Indeed, all they have in mind when they begin is some excellent revenge on a kid who clearly deserves it. George (Josh Peck from Nickelodeon’s ”The Amanda Show”) is fat, nasty, and provocatively obnoxious, with a swaggering aggression that can turn ugly at the trip of a verbal trigger. After being the victim of George’s violence one too many times, the smaller, shyer 13-year-old Sam (Rory Culkin, who shows a sophisticated taste by choosing projects like ”Igby Goes Down” and ”You Can Count on Me”) confesses his torment to his older brother Rocky (Trevor Morgan from ”The Patriot”). And Rocky dreams up a suitable retaliation involving mild harassment and major humiliation: They’ll invite George on a birthday party riverboating trip and then, at the appropriate time downstream, pants the creep and leave him wet and naked.

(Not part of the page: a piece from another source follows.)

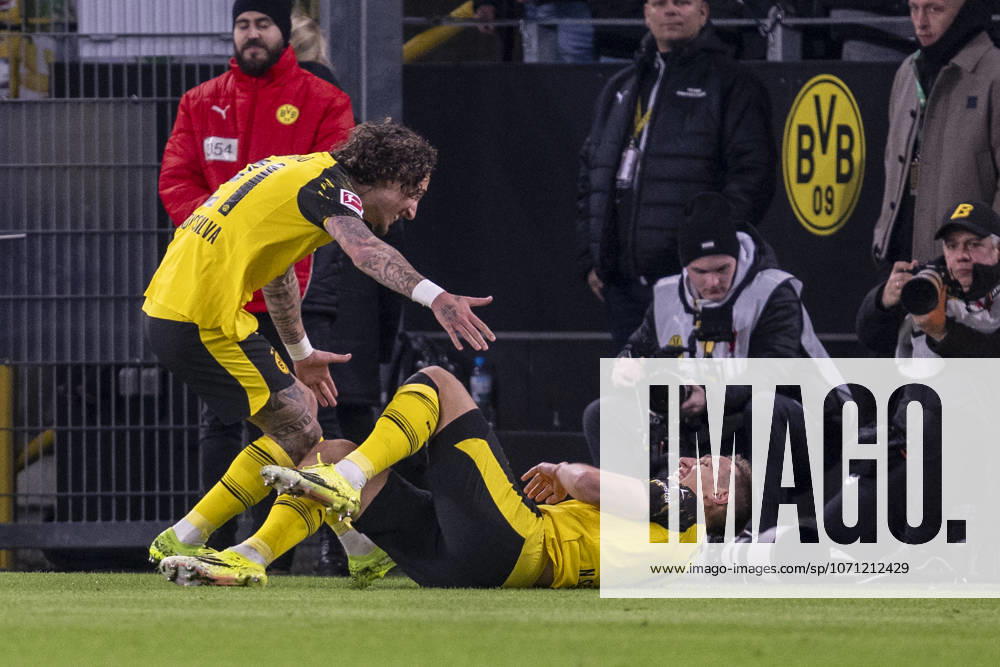 Borussia Dortmund - SV Werder Bremen, 17. Spieltag im Signal-Iduna-Park. Nico Schlotterbeck (Borussia Dortmund) jubelt nach seinem Tor zum 1:0. WICHTIGER HINWEIS: Gemäß den Vorgaben der DFL und des DFB ist es untersagt, in dem Stadion und oder vom Spiel angefertigte Fotoaufnahmen in Form von Sequenzbildern und oder videoähnlichen Fotostrecken zu verwerten bzw. verwerten zu lassen.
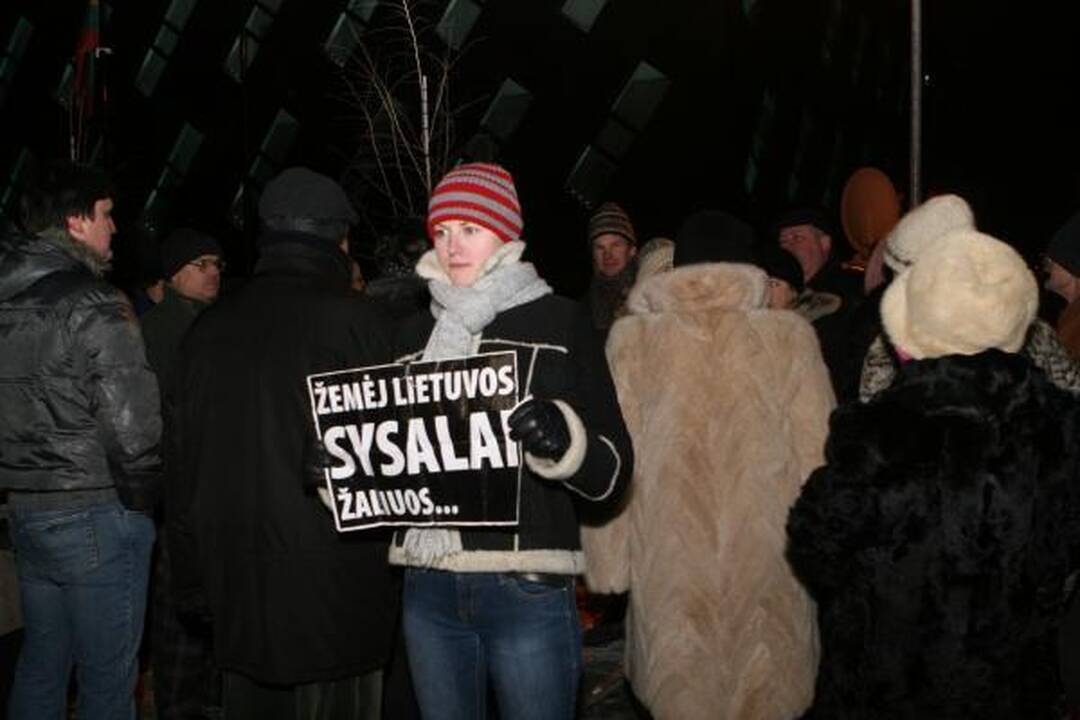 Pedofilijos skandalas: Vilniuje reikalauta A.Valantino galvos (papildyta)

In classic band-of-brothers form, Estes establishes the contours of the avenging party in concise strokes. Rocky enlists another older teen rebel, Marty (Scott Mechlowicz), whose own internal demons make him all too joylessly happy to participate. Clyde (”Smallville”’s Ryan Kelley) joins up as a respite from fending off taunting accusations of homosexuality. Millie (Carly Schroeder from ”Lizzie McGuire”) is included among the boys because she’s Sam’s budding girlfriend.

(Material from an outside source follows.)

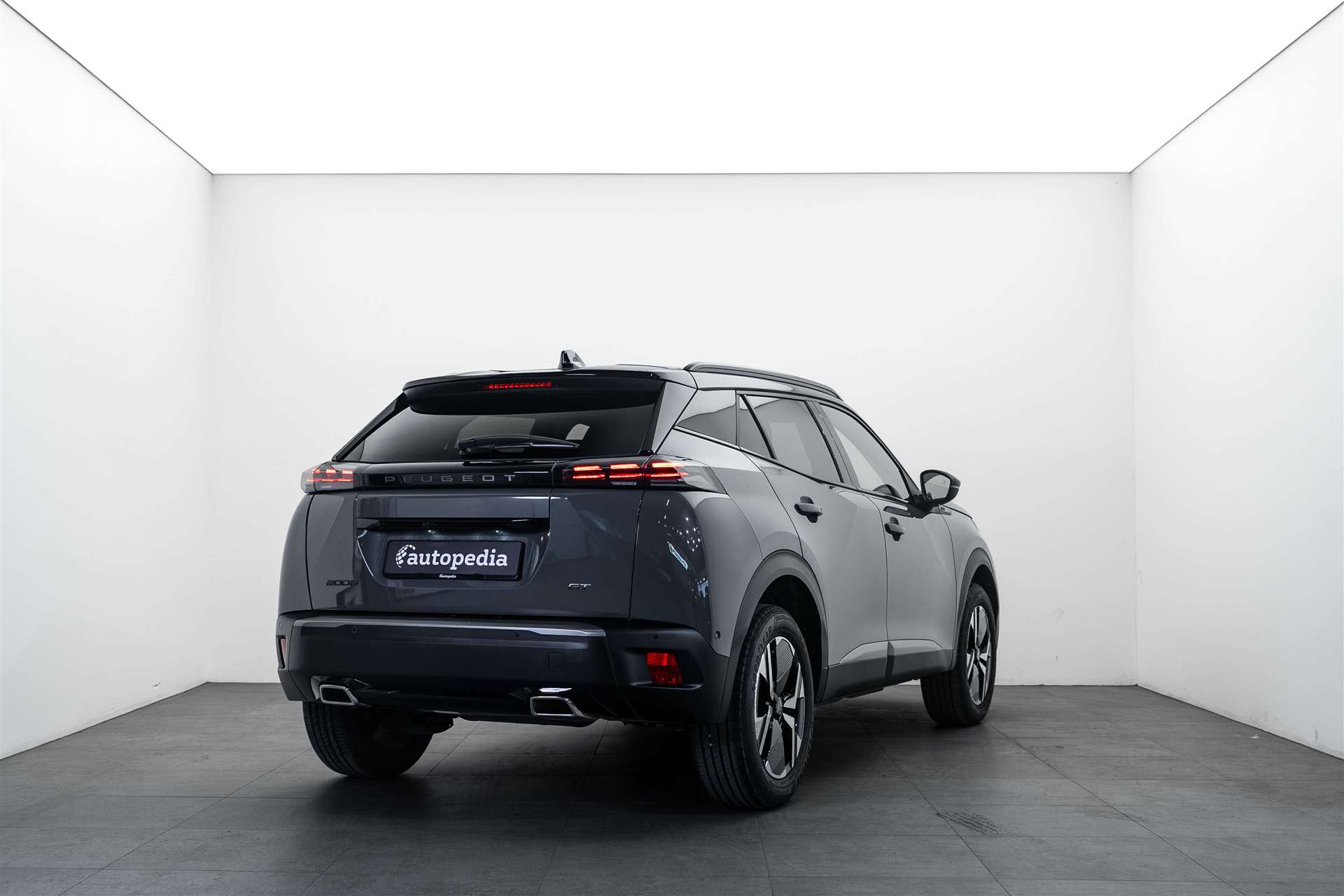 PEUGEOT 2008 1.2 PureTech GT Automat-image-2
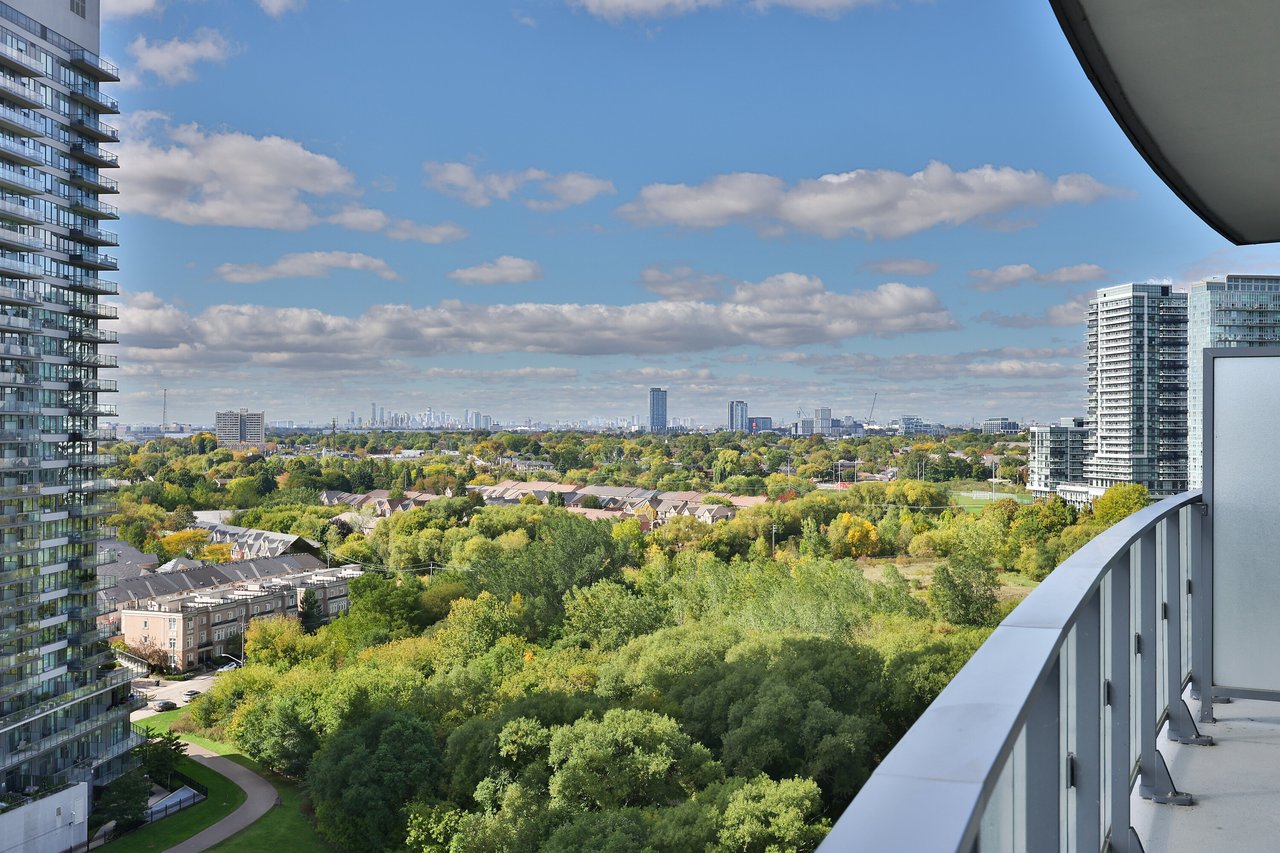 2212 Lake Shore Boulevard W 1803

But as Estes builds toward inevitable crisis and surprising consequence, suspending the tension with handsomely impressionistic handheld cinematography (much of it shot with available light by Sharone Meir on the water near the Oregon/Washington border), the filmmaker simultaneously unleashes his most unnerving psychological weapon: George is a bully, but he’s also a lonely, sensitive kid who keeps a poetic video diary. This tormenting provocateur, capable of such unrelenting cruelty, is also brought up well enough to recognize the dangers of not wearing seat belts or life jackets; because he believes he has been invited to a birthday party, he politely brings a gift. It’s rare to see an actor of any age, let alone a teen like the usually comedic Peck, carry off the challenge of portraying ugliness and vulnerability with such aplomb.
And although the talent of a kid with the last name of Culkin may not, at this point, register as such a novelty – Rory follows brothers Macaulay and Kieran – there is something precociously mature but natural about the work of this youngest Culkin sibling that stands apart. His Sam is a marvel of believable hopes and anxieties, a boy who doesn’t quite know how to kiss a girl or what the right thing is to do during a meltdown of group dynamics. But his instincts, like those of this impressive, modern morality tale, are sound.